【熊本消防訓練】初期消火とは|火災の被害を最小限に抑えるための行動

■ 初期消火の基本

火災が発生した際、炎が小さいうちに消し止める行動を「初期消火」といいます。

火が天井に達する前のわずかな数分間が、被害を最小限に抑えるための重要な時間です。

木造建築では、出火からおよそ3分ほどで炎が天井に届くといわれており、

この短い時間のうちに適切な判断と行動をとることが、被害を防ぐ大きなポイントになります。


■ 初期消火の重要性と限界

火災の初期段階では、消火器や身の回りの道具を使って火を抑えることが可能です。

しかし、炎が天井や壁まで広がってしまった場合、個人での対応は非常に危険です。

危険を感じた時点で無理をせず、避難と119番通報を最優先することが大切です。

「命を守ること」が、すべての行動の基本となります。

以下のような状況では、初期消火を中止または実施しない判断が求められます。

● 火の高さが自分の背丈を超え、天井まで燃え広がっている場合

● 部屋の中に煙が充満し、視界が悪く息苦しさを感じる場合

● 初期消火を行うことで避難経路が塞がる、または避難が大幅に遅れると判断した場合

これらの条件に該当する場合は、速やかに消火を中止し、身の安全を最優先に避難してください。


■ 初期消火の手順

火災を発見した際は、慌てずに次の順序で行動します。

① 周囲に知らせる

「火事です!」と大声で伝え、周囲の人に協力を求めます。

同時に、可能であれば119番通報も行います。

② 安全の確保

逃げ道を背にして火元に向かうようにし、常に避難経路を確保します。

③ 消火器などで初期対応

消火器を火元に向けて使用します。使い方は「ピンを抜く → ホースを持つ → レバーを握る」の3ステップです。

④ 危険を感じたら避難

煙や炎が広がってきたら、直ちに消火をやめて避難してください。


■ 初期消火に使用できる器具

● 消火器

最も効果的な手段で、粉末・強化液・二酸化炭素など、火災の種類に応じたタイプがあります。

● エアゾール式簡易消火具(スプレータイプ)

軽くて扱いやすく、家庭や車内などで発生した小規模火災に有効です。

● 身近なものを使う場合

・水(紙類・布類の火災に有効。ただし油火災には使用禁止)

・濡れたタオルや毛布(小さな火を覆い、酸素を遮断する)

・鍋のふた(天ぷら油火災では空気を遮断して鎮火)


■ 火元別の対応ポイント

● 天ぷら油火災

水をかけると油が飛び散って危険です。濡れタオルや鍋のふたで覆うか、専用の油火災用消火器を使いましょう。

● カーテンなどの布類への引火

引き下ろして床に落とし、水をかけて鎮火します。周囲への延焼に注意してください。


■ 消防法に定められた「応急消火義務」

消防法第25条では、火災が発生した場合に「関係者は消防隊が到着するまで消火や救助を行わなければならない」と定められています。

この義務を負う人を「応急消火義務者」と呼びます。

応急消火義務者に該当するのは、次のような人です。

① 火災を発生させた人

例:調理中や器具使用中に火を出した本人。

② 火災の発生に直接関係した人

例:誤った取り扱いにより出火の原因を作った人。

③ 火災が発生した建物に居住または勤務している人

例:マンションの住民、会社や店舗で働く従業員など。

これらの人は、消防隊が到着するまでの間、可能な範囲で初期対応にあたる責任があります。
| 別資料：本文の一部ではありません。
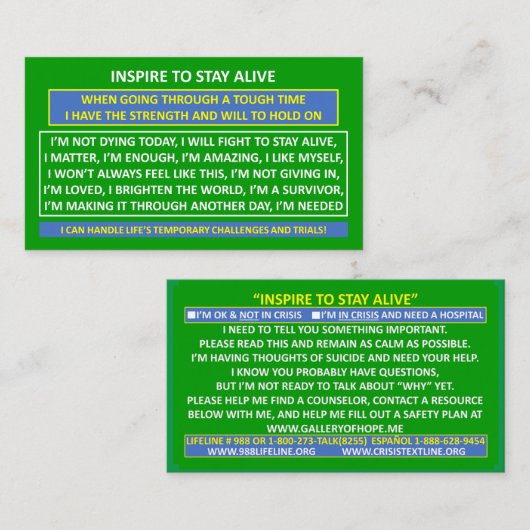 INSPIREREN OM IN LEVEN TE BLIJVEN ZELFMOORDPREVENT VISITEKAARTJE (Voorkant / Achterkant)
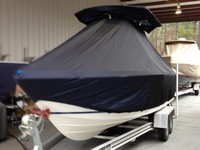 HydraSports® 2400CC T-Top-Boat-Cover-Sunbrella™ Custom fit TTopCover(tm) (Sunbrella(r) 9.25oz./sq.yd. solution dyed acrylic fabric) attaches beneath factory installed T-Top or Hard-Top to cover entire boat and motor(s)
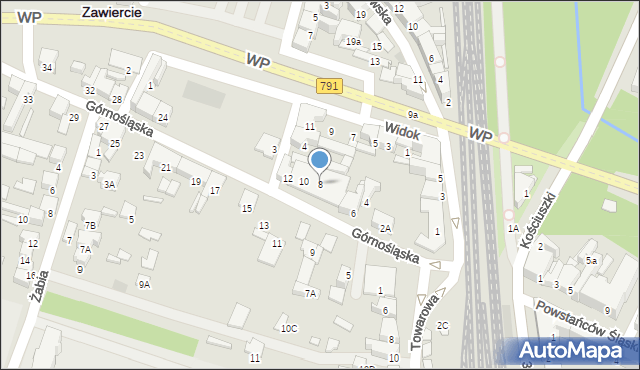 Zawiercie, Górnośląska, 8, mapa Zawiercie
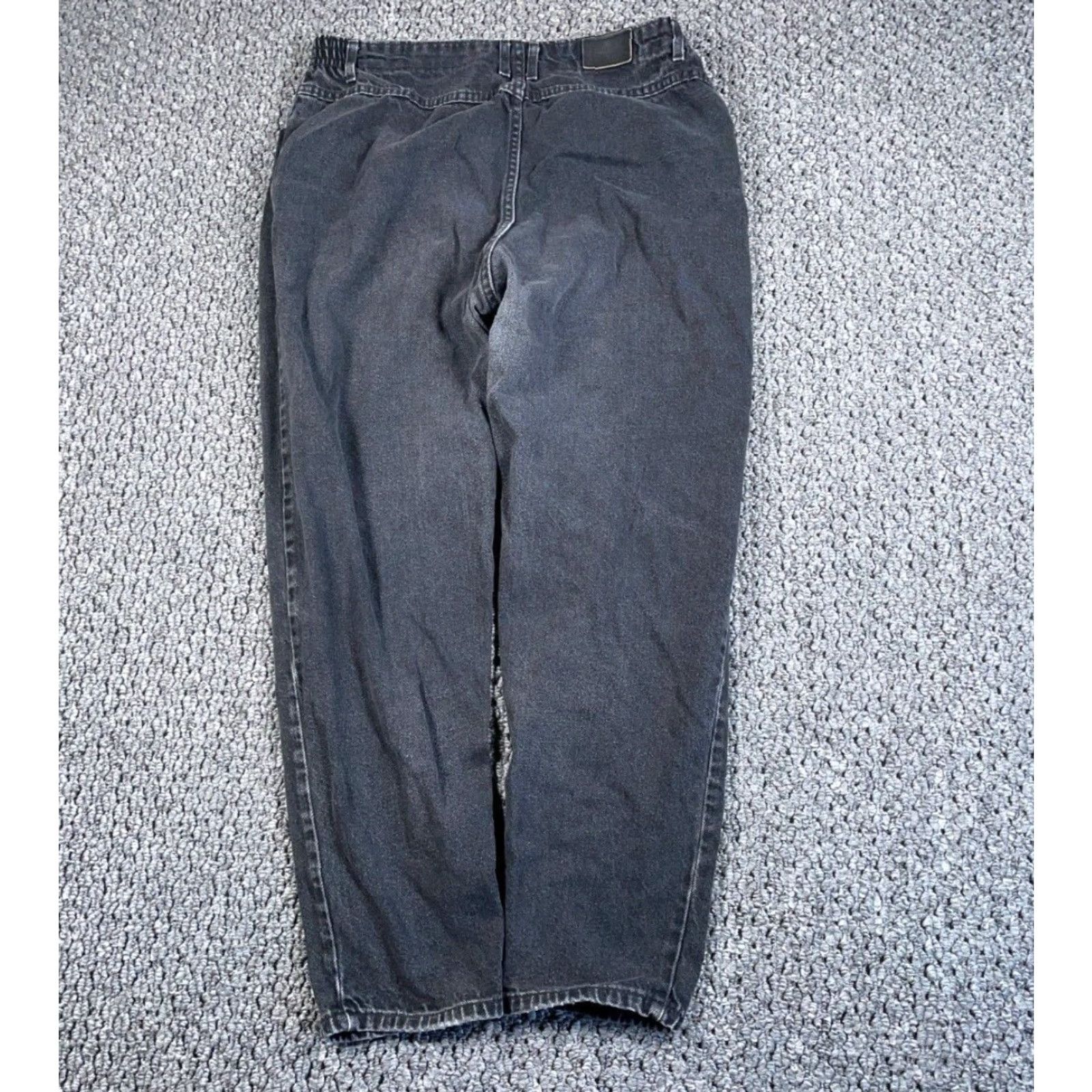 Vintage VTG 90s Faded Black Mom Jeans Women's 18 (34 x 28) Black Denim High Waist Taper Jeans Womens Size 40" / US 18 - 2 Thumbnail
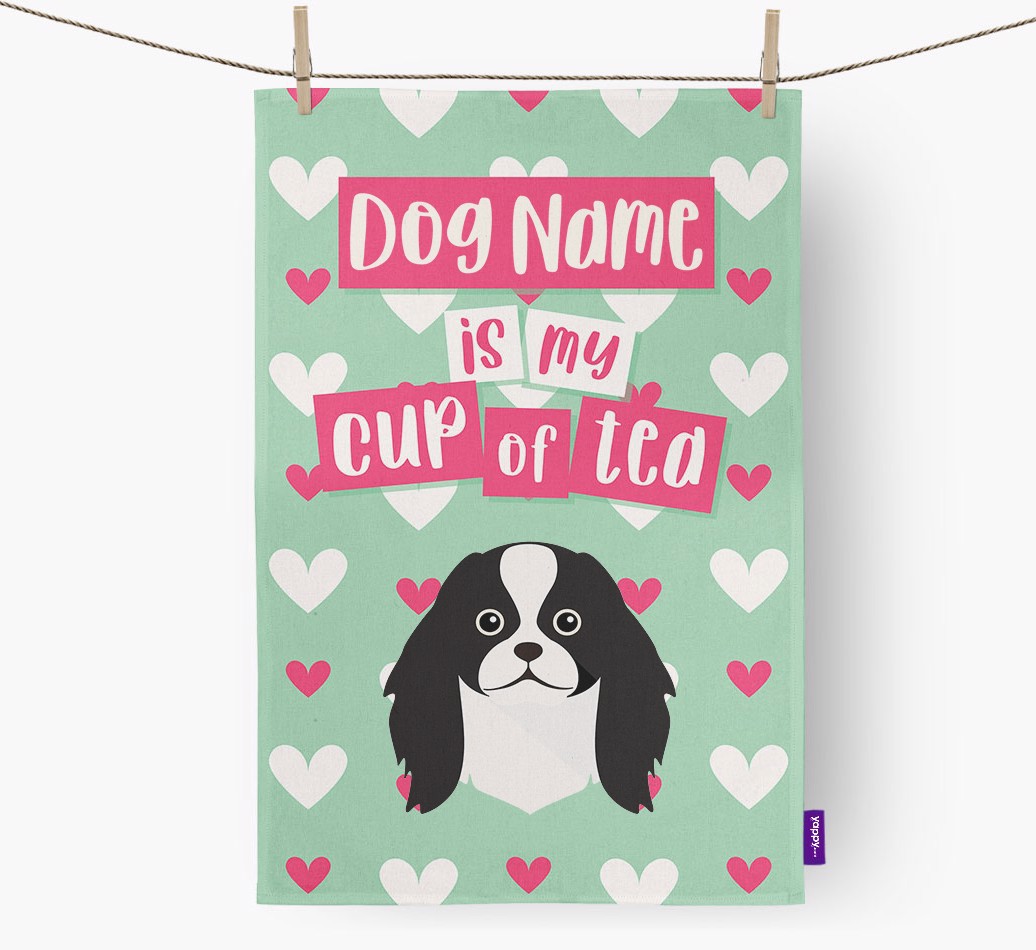 '{dogsName} Is My Cup Of Tea' Tea Towel with {breedFullName} Icon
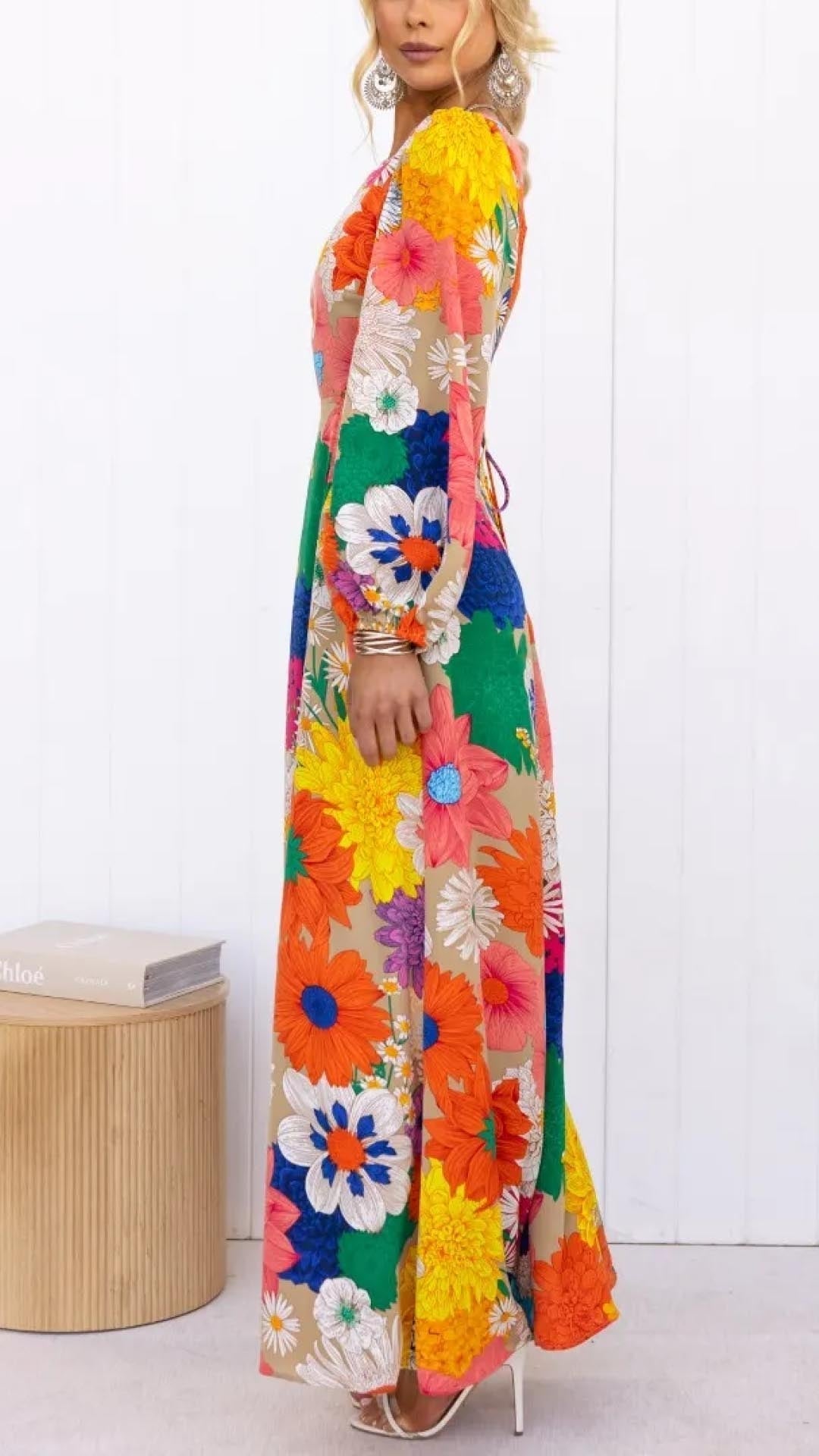 Maxikleid aus Baumwolle mit Blumenmuster und langen Puffärmeln für Damen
ただし、無理な行動は禁物であり、あくまで安全確保を優先してください。


■ 日頃から備える意識を

火災はいつ、どこで起こるか分かりません。

いざという時に慌てないためには、消火器の設置場所や使用方法を普段から確認しておくことが大切です。

また、定期的に避難・消火訓練を実施することで、実際の災害時にも落ち着いて行動できるようになります。

熊城防災総研では、事業所や施設向けの初期消火訓練・防災教育の支援も行っています。

日頃の備えが、命と財産を守る第一歩です。